本当はケイト・ブランシェット主演の「キャロル」を見に行く予定だったのだが、直前になって、全く期待していなかったこの作品が“文化果つる街”宇都宮でも上映されていることを知り、急遽予定を変更。本屋に立ち寄って1時間ほど時間を潰してから映画館へ向かう。
さて、難民認定されやすいよう、他人のパスポートを利用して家族になりすましたスリランカ人の3人組(=男女+少女)が、言葉も良く分からないフランスの地で偽りの家庭生活を営んでいくというのがメイン・ストーリーであり、現在、世界的な課題となっている難民問題を、受入れ側からではなく、難民の側から描いているのがとても新鮮。

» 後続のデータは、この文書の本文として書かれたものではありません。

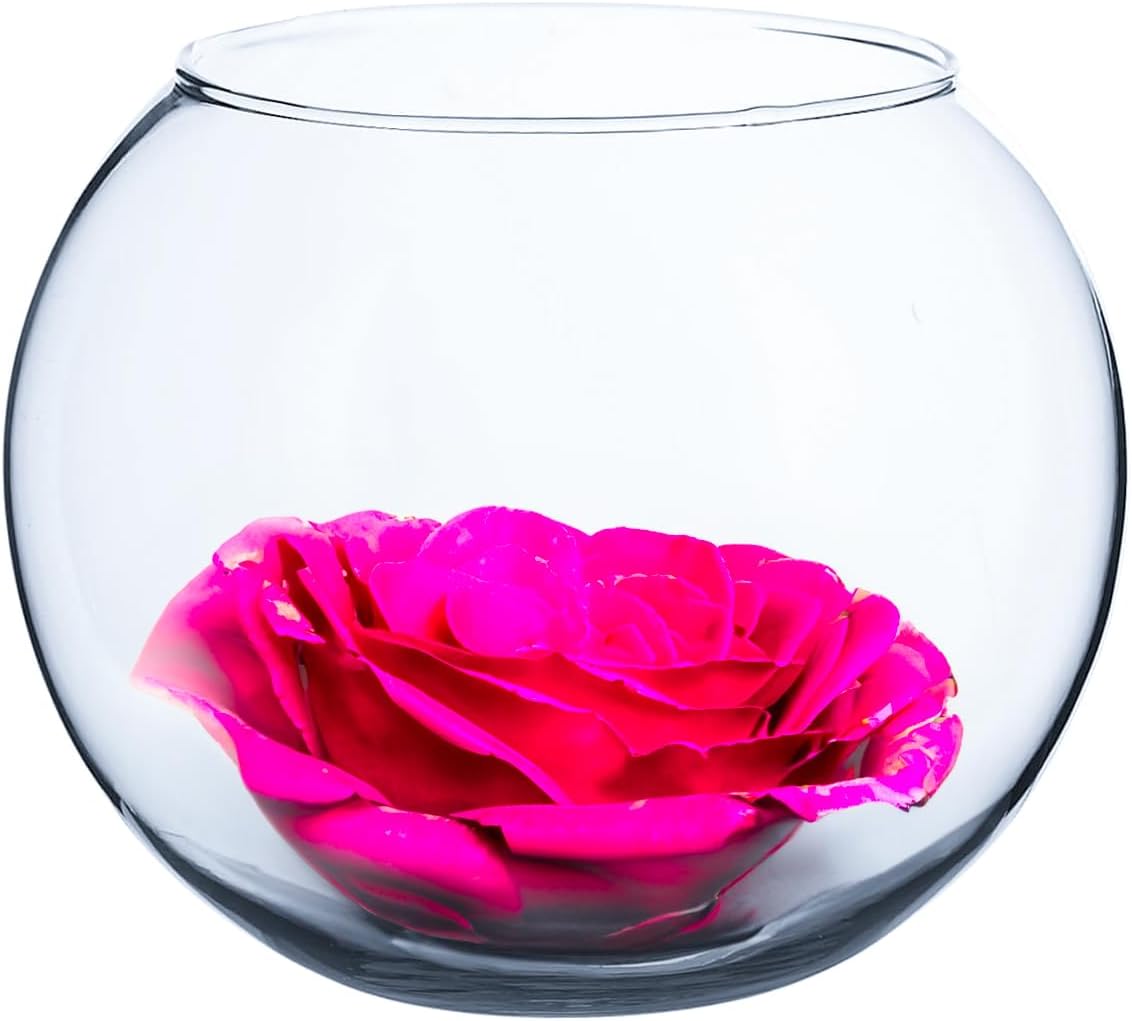 WGVI 24 Pcs Clear Glass Tea Light Votive Candle Holders, Width 3", Height 2.5", Small Globe Bubble Bowl Round Vase, Tabletop Décor Container Terrarium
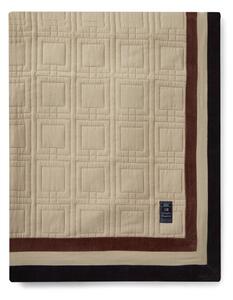 Lexington Graphic Quilted Organic Cotton bedspread 240x260 cm Light beige-brown-dark grey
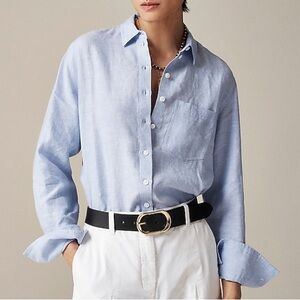 J. Crew Garçon Classic Shirt in Baird McNutt Irish Linen in French Blue, Size 6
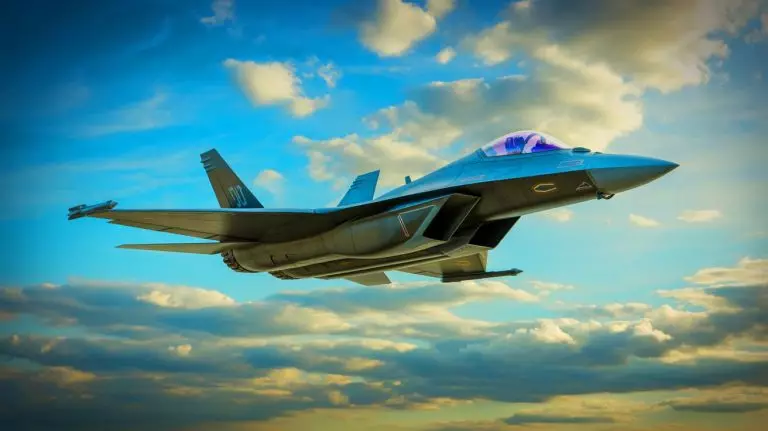 Illustration de l'avion de chasse F/A-XX de la US Navy avec ses innovations technologiques. Image réalisée par IA.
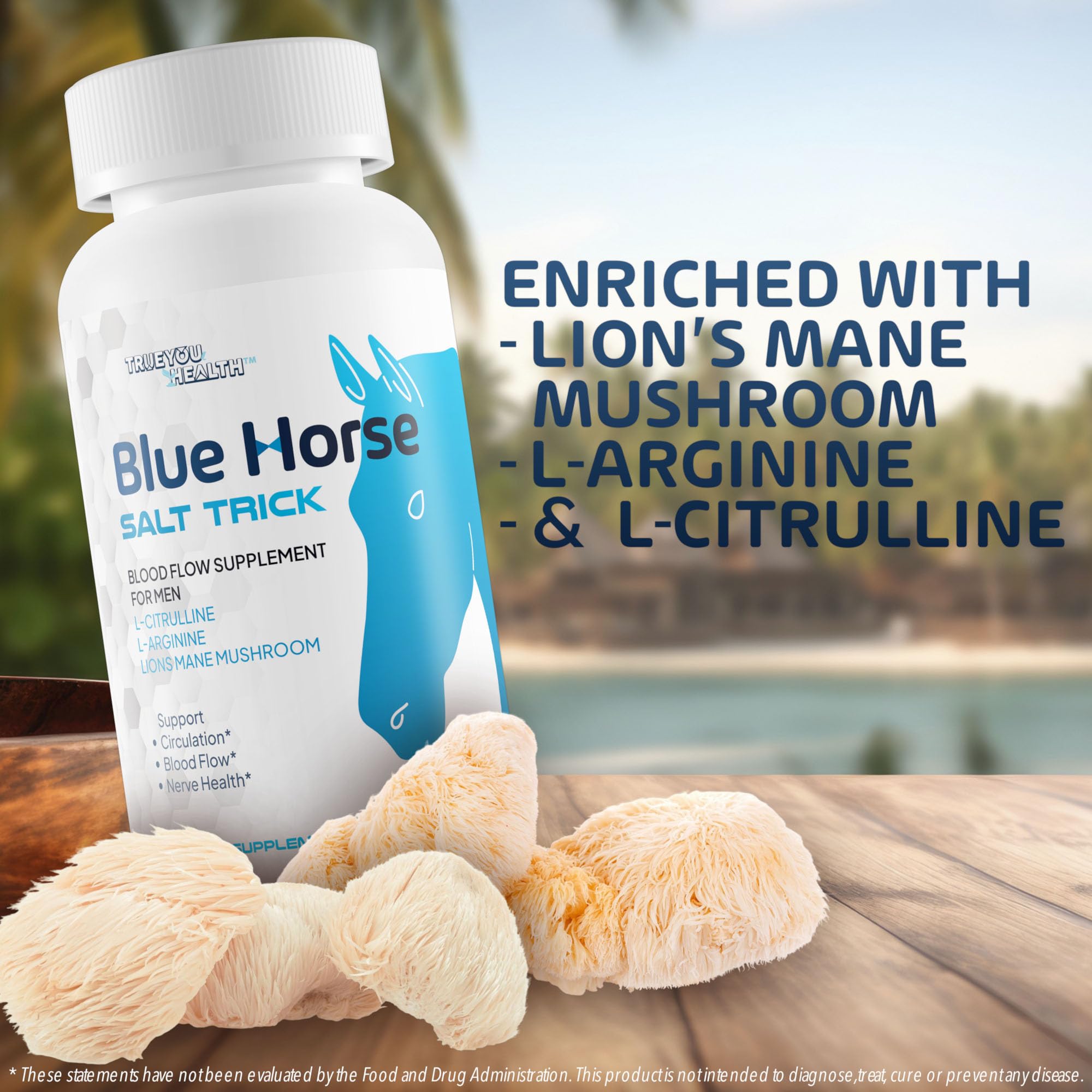 Blue Horse Salt Trick - Our Best Blood Flow Supplement for Men - Our Best Circulation Supplement - Male Circulation Supplements Nitric Oxide Vasodilator to Improve Blood Flow 7 Blue Salt Trick for Men True You HealthAu supplements
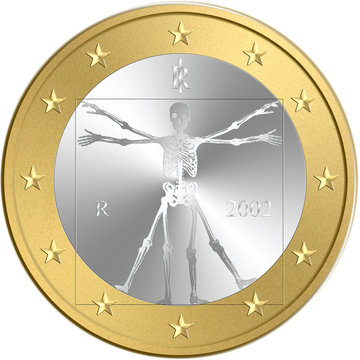 coin of euro with a skeleton in place of original symbol, Vitruviano man of Leonardo da Vinci. Concepts: death of euro currency, default, crisis, austerity, debit, Isolated on white background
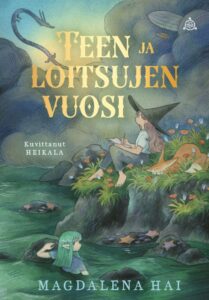 Kirjan kansikuva. Kannessa satuhahmoja joen varrella.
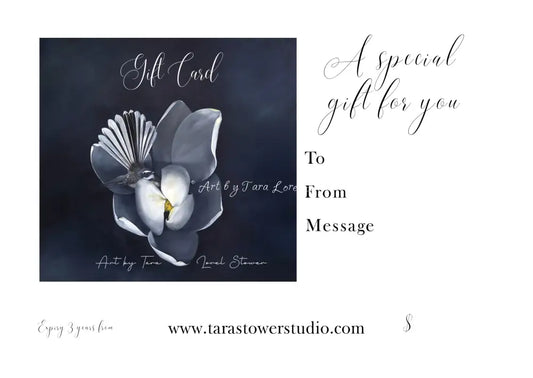 Bird art gift voucher card by Australian NZ artist Tara Lorel Stower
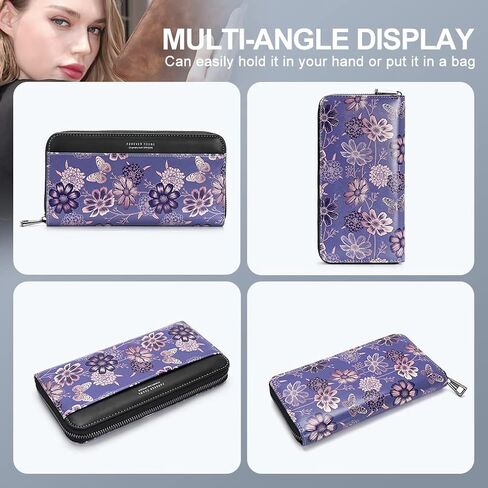 APHISON Women Wallets Large Capacity Clutch Purse For Women Ladies Wallet Clearance Credit Card Holder Womens RFID Wallet Moon Cute Cow Cat Elephant Fox Cell Phone Purse in Kuwait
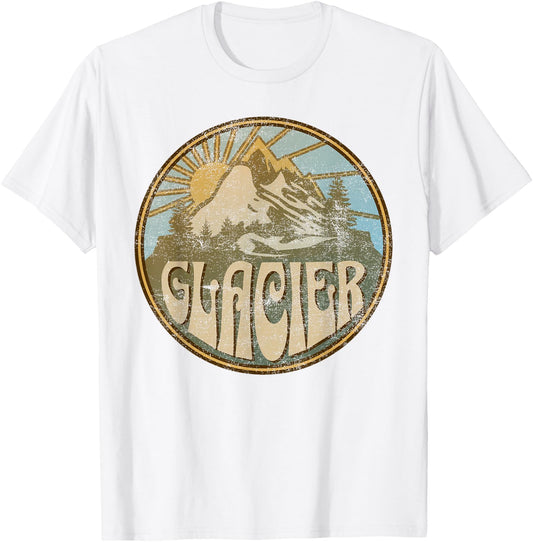 Glacier Montana Nature Mountains Hiking Outdoors Vintage T-Shirt - T-Shirt | White
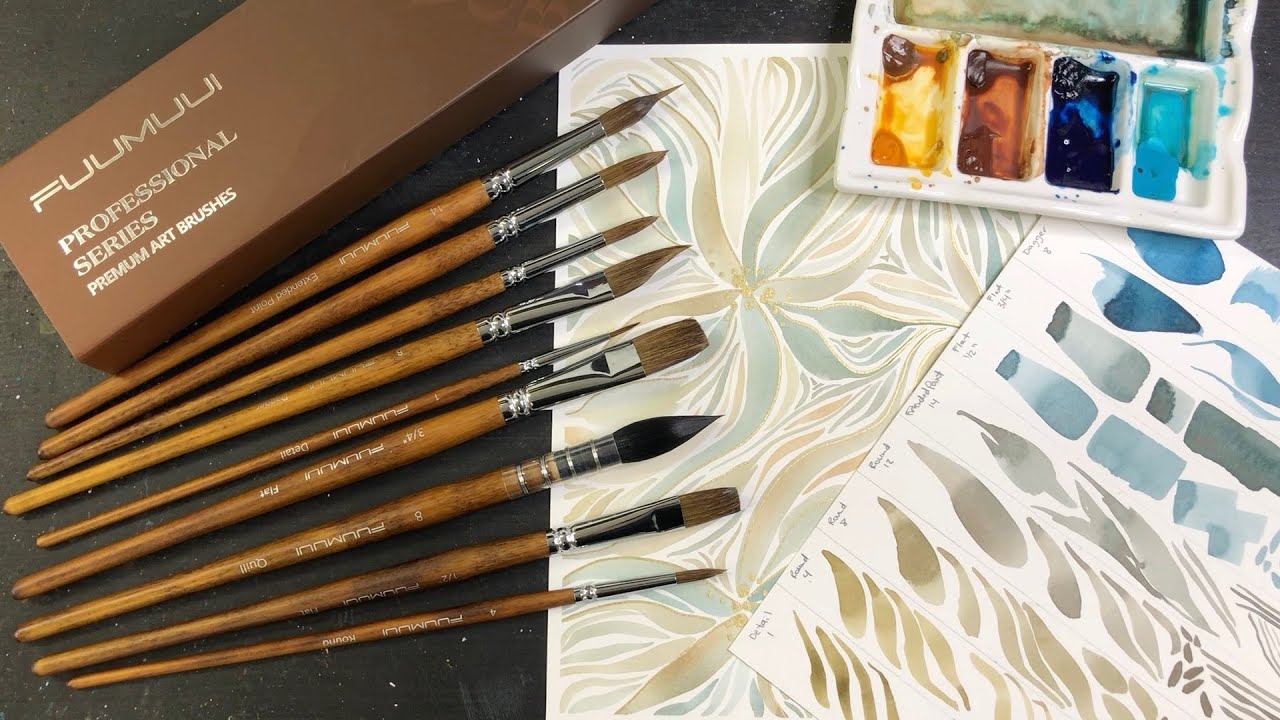 Trying Fuumuui Sable Brushes + Easy Relaxing Watercolor Idea - 367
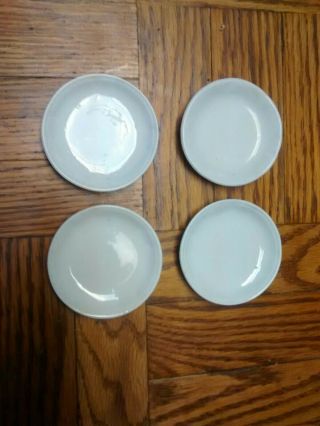 4 Antique American White Ironstone Butter Pats J&g Meakin Hanley England 2 7/8 "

当然、家族関係を偽ったのはいけないことなのだが、そうしないと難民として受入れてもらえないのだから“仕方ない”し、終盤、麻薬絡みのトラブルに巻き込まれてしまうのも、彼等をそういった好ましからぬ環境に放置した結果であることを考えれば、まあ、“仕方ない”と言わざるを得ない。
しかし、仮に彼等のことをニュース報道で知るとしたら、彼等は“違法に入国した上に地元の暴力組織とトラブルを起こした悪い難民”であり、ますます強力になりつつある難民排斥の動きに拍車を掛ける一因になりかねないというのがとても悲しい。
個人的には、まだ子どもを産んだこともないのに母親役を押し付けられたり、ちょっぴり優しくされたフランス青年にほのかなトキメキを感じてしまうヒロインのヤリニの存在がとても興味深く、彼女の方をストーリーの中心に据えて欲しかったところであるが、まあ、このへんは監督のジャック・オディアールとの嗜好の違いなんだろう。
ということで、暴力に耐えて耐え続けてきた主人公のディーパンが、愛するヤリニのために自己の元兵士としての殺傷能力を全開にするというクライマックスは、まるで我が国のヤクザ映画みたいなのだが、アクションが地味過ぎるため、「タクシードライバー(1976年)」のような爽快感は全く得られない。まあ、このへんもオディアール監督との嗜好の違いなんでしょう。